If you are on a budget I liked OpenIntro Statistics. The book is free as far as I remember on the open intro website and there is an accompanying coursera course as well (I think). Finally another free book i really liked was Learning Statistics with R
I read these books on and off for a couple of years because i was finding the ISLR and ESLR books a bit tough going having not come from a maths background.
Having said that, since you're doing a PhD, I would look into if your university has some good solid courses on the subjects. It is of course possible to learn by yourself, but one should not underestimate the value of being introduced to a subject by someone experienced in the matter and knowledgable about how to teach
I've come to realise that what I consider the Z part of statistics is actually pretty simple stuff for some people considering the content in some of the recommended books...
I totally agree with you, @Leon! The obvious choice would be a solid introductory course at my university, however, they're pretty determined to teach statistics using SPSS or STATA, and I'm dead set on learing R.

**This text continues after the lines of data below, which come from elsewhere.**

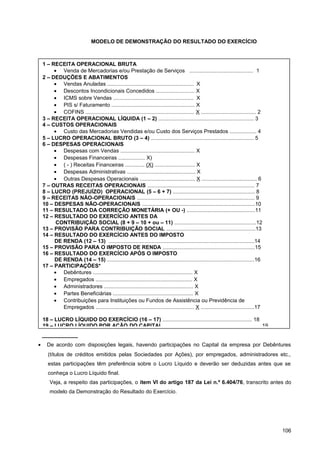 MODELO DE DEMONSTRAÇÃO DO RESULTADO DO EXERCÍCIO
____________
• De acordo com disposições legais, havendo participações no Capital da empresa por Debêntures
(títulos de créditos emitidos pelas Sociedades por Ações), por empregados, administradores etc.,
estas participações têm preferência sobre o Lucro Líquido e deverão ser deduzidas antes que se
conheça o Lucro Líquido final.
Veja, a respeito das participações, o item VI do artigo 187 da Lei n.º 6.404/76, transcrito antes do
modelo da Demonstração do Resultado do Exercício.
106
1 – RECEITA OPERACIONAL BRUTA
• Venda de Mercadorias e/ou Prestação de Serviços ........................................... 1
2 – DEDUÇÕES E ABATIMENTOS
• Vendas Anuladas .......................................................... X
• Descontos Incondicionais Concedidos .......................... X
• ICMS sobre Vendas ...................................................... X
• PIS s/ Faturamento ........................................................ X
• COFINS ......................................................................... X ..................................... 2
3 – RECEITA OPERACIONAL LÍQUIDA (1 – 2) ................................................................ 3
4 – CUSTOS OPERACIONAIS
• Custo das Mercadorias Vendidas e/ou Custo dos Serviços Prestados .................. 4
5 – LUCRO OPERACIONAL BRUTO (3 – 4) ..................................................................... 5
6 – DESPESAS OPERACIONAIS
• Despesas com Vendas .................................................. X
• Despesas Financeiras .................. X)
• ( - ) Receitas Financeiras ............. (X) ........................... X
• Despesas Administrativas .............................................. X
• Outras Despesas Operacionais ..................................... X ..................................... 6
7 – OUTRAS RECEITAS OPERACIONAIS ........................................................................ 7
8 – LUCRO (PREJUÍZO) OPERACIONAL (5 – 6 + 7) ....................................................... 8
9 – RECEITAS NÃO-OPERACIONAIS ............................................................................... 9
10 – DESPESAS NÃO-OPERACIONAIS ............................................................................10
11 – RESULTADO DA CORREÇÃO MONETÁRIA (+ OU -) ..............................................11
12 – RESULTADO DO EXERCÍCIO ANTES DA
CONTRIBUIÇÃO SOCIAL (8 + 9 – 10 + ou – 11) .......................................................12
13 – PROVISÃO PARA CONTRIBUIÇÃO SOCIAL ............................................................13
14 – RESULTADO DO EXERCÍCIO ANTES DO IMPOSTO
DE RENDA (12 – 13) ..................................................................................................14
15 – PROVISÃO PARA O IMPOSTO DE RENDA ..............................................................15
16 – RESULTADO DO EXERCÍCIO APÓS O IMPOSTO
DE RENDA (14 – 15) ...................................................................................................16
17 – PARTICIPAÇÕES*
• Debêntures ................................................................... X
• Empregados ................................................................. X
• Administradores ............................................................ X
• Partes Beneficiárias ...................................................... X
• Contribuições para Instituições ou Fundos de Assistência ou Previdência de
Empregados .................................................................. X ....................................17
18 – LUCRO LÍQUIDO DO EXERCÍCIO (16 – 17) ............................................................ 18
19 – LUCRO LÍQUIDO POR AÇÃO DO CAPITAL ................................................................. 19
 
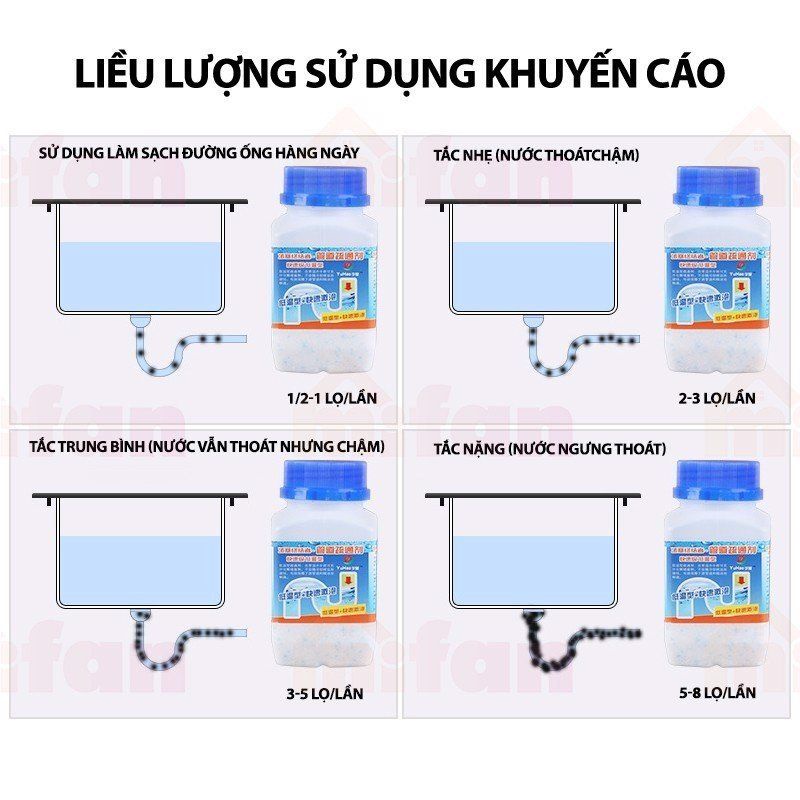 [Loại Cực Mạnh] Bột Thống Cống - Thông Bồn Cầu Cực Mạnh Thông Tắc Nghẽn Mọi Thứ Dễ Dàng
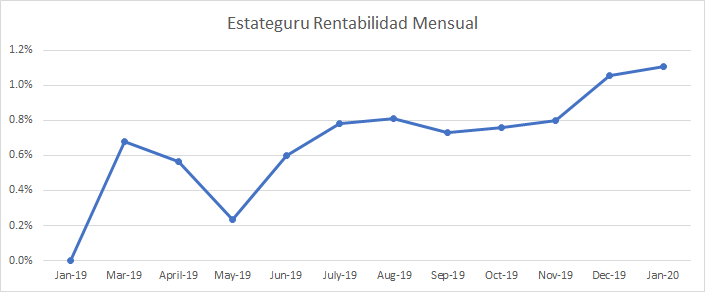 Imagen que te muestra la rentabilidad mensual obtenida en Estateguru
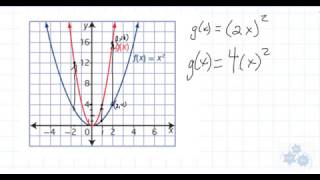 PC 30 1.2 Identifying horizontal and vertical stretches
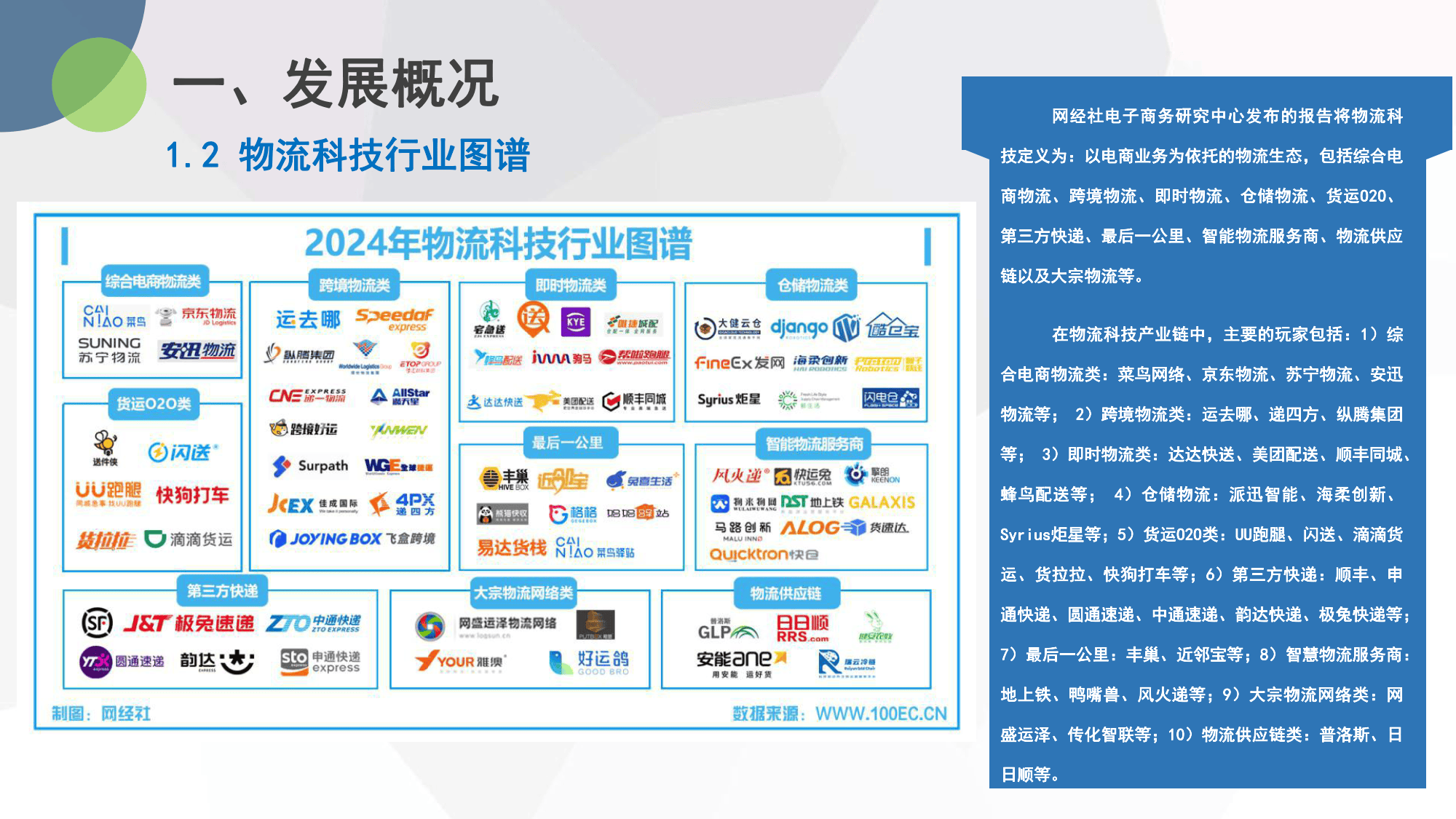 2024年十大免費(fèi)倉(cāng)儲(chǔ)物流軟件排行榜出爐-軟件技巧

I think I'll give Statistics with R Specialization at Coursera a go, it looks like a good place to start. One question though: does anyone know if the course is self paced? I'm doing most of this on my spare time after work (with two kids), not sure if I'll be able to keep up with the 5-7 h/week every single week.
they're pretty determined to teach statistics using SPSS or STATA
Probably a discussion for elsewhere, but I often wonder why universities seem to have a strong disposition for Stata, SPSS or EViews, but industry and personal projects use R or Python. I used, and was taught, the former in university but have never used them since - but have had to use R and Python in the workforce.
The tidyverse is a set of packages with an underlying paradigm for analyzing data. It isn't inherently a system to do statistics! That is to say that you should not expect tidyverse functions to perform statistical operations for you. That being said, you can definitely use it in conjunction with statistical packages/functions you learn outside it.
I highly recommend you pick ModernDive back up (or any Statistics with R book really) and finish up R for Data Science. Your understanding of the material from both books will allow you to integrate your stats in a tidyverse workflow (especially with functional programming using the {purrr} package). Being able to do that is good practice from what you will have learned.
This advice is given from personal experience. I am currently reading a book on state-space models and am rewriting the book's R code to align with a tidyverse workflow.
I want to second the recommendation about https://www.r-bloggers.com/, I have learned a lot of things that I didn't even know were something that I wanted to learn just by browsing posts there. (Now if only I could find the time to actually start contributing posts...)
How is your progress and any update from your searching?
There is no book about Statistics in Tidyverse so I also raised a new topic asking what's missing and how to connect the rest of R to enhanced the Tidyverse approach in learning Statistics.
All of the replies are awesome! I want to recommend Rstudio cheat sheet, it is handy for new R user. Any modeling, data manipulation, and data cleaning are the most time-consuming work if you are not familiar with these hands-on tools.